PROBLEM STATEMENT:
Word for word, restate every record, though not the pictures.

RECORDS TO USE:
● ● ● ●
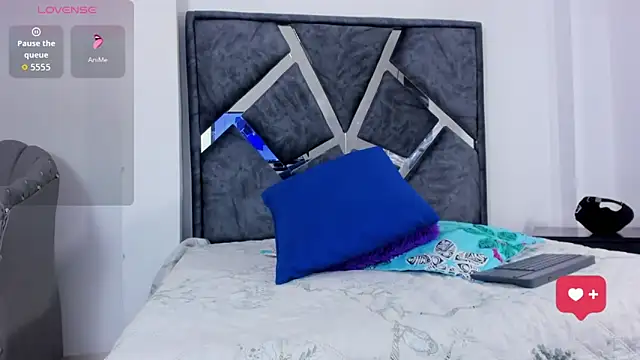 Liam saint online show from February 10, 12:53 pm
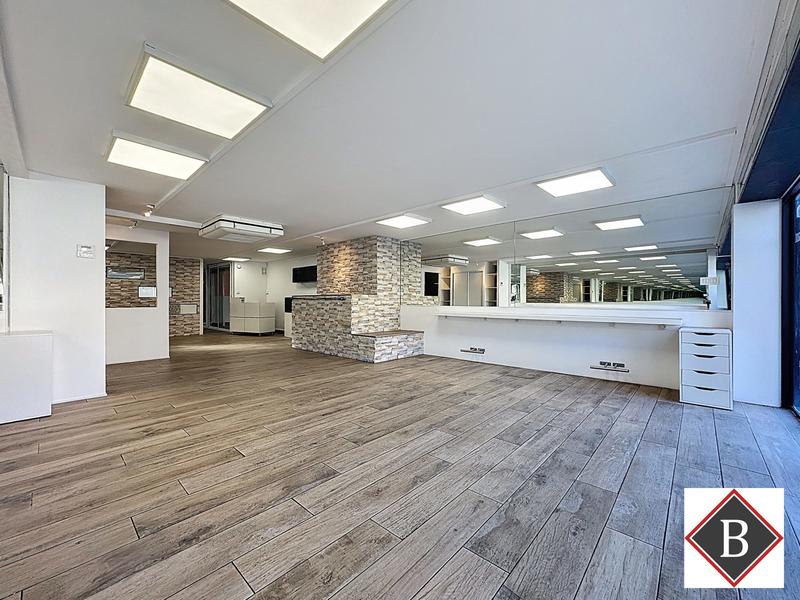 Local commercial - 82 m²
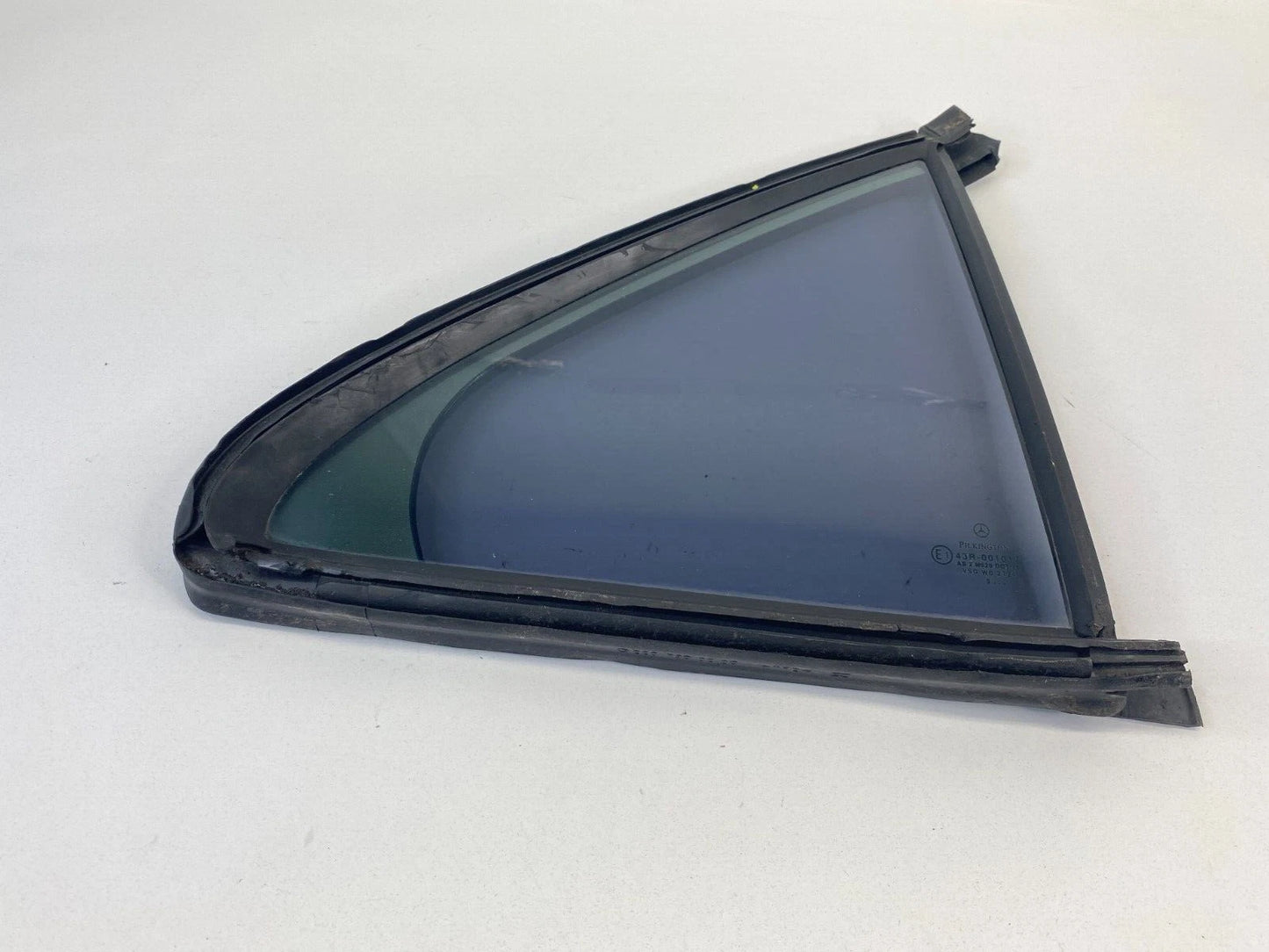 00-02 MERCEDES-BENZ S500 REAR RIGHT SIDE QUARTER WINDOW GLASS VENT 2207300220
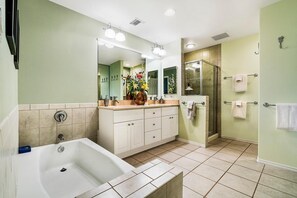 Villa, 1 King Bed (Colony Villas at Waikoloa Beach Resor) | Bathroom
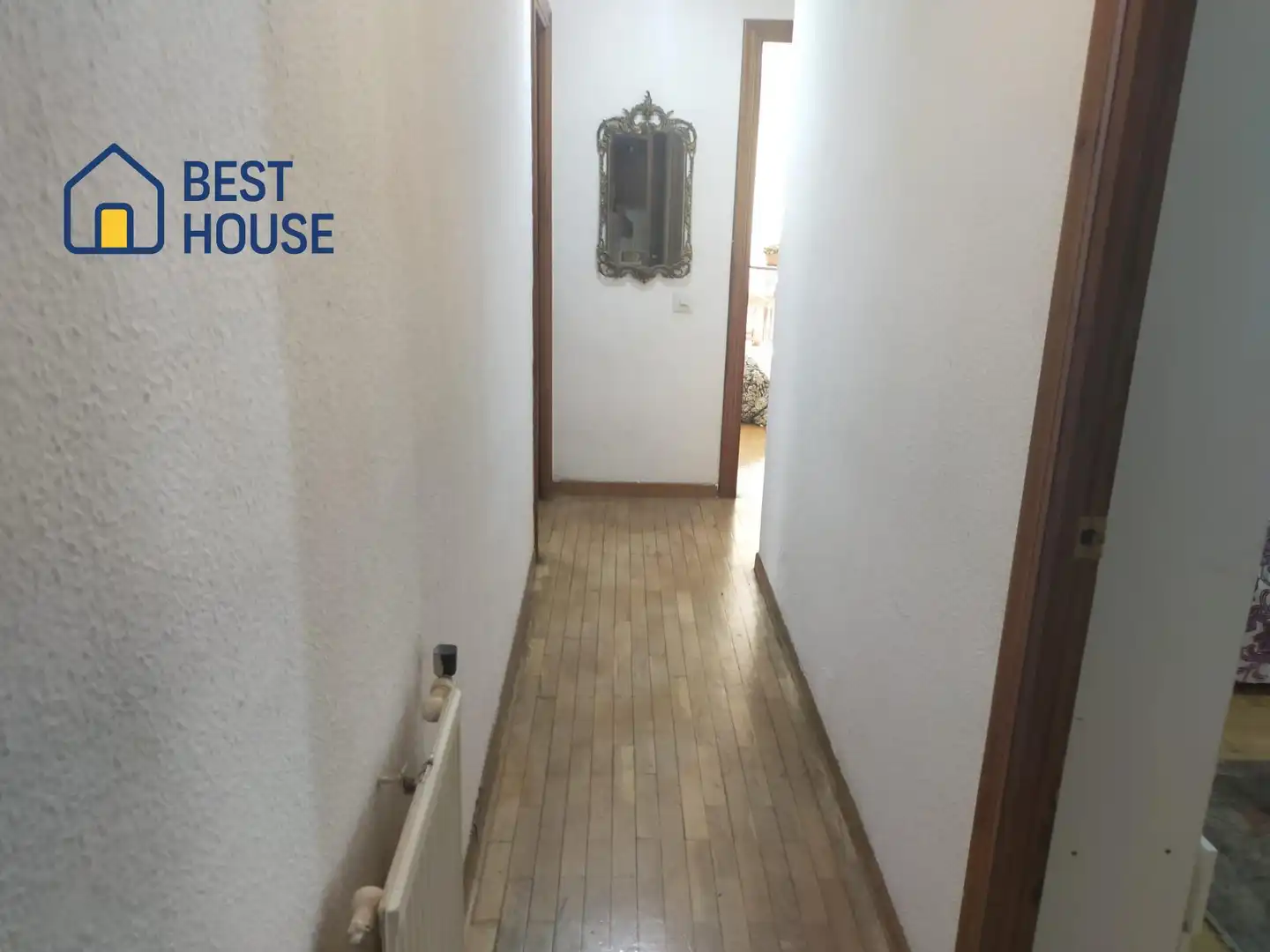 Piso en venta en León Capital  con Calefacción, Terraza y Trastero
● ● ● ●
ANSWER BOX:
 Liam saint online show from February 10, 12:53 pm
 Local commercial - 82 m²
 00-02 MERCEDES-BENZ S500 REAR RIGHT SIDE QUARTER WINDOW GLASS VENT 2207300220
 Villa, 1 King Bed (Colony Villas at Waikoloa Beach Resor) | Bathroom
 Piso en venta en León Capital  con Calefacción, Terraza y Trastero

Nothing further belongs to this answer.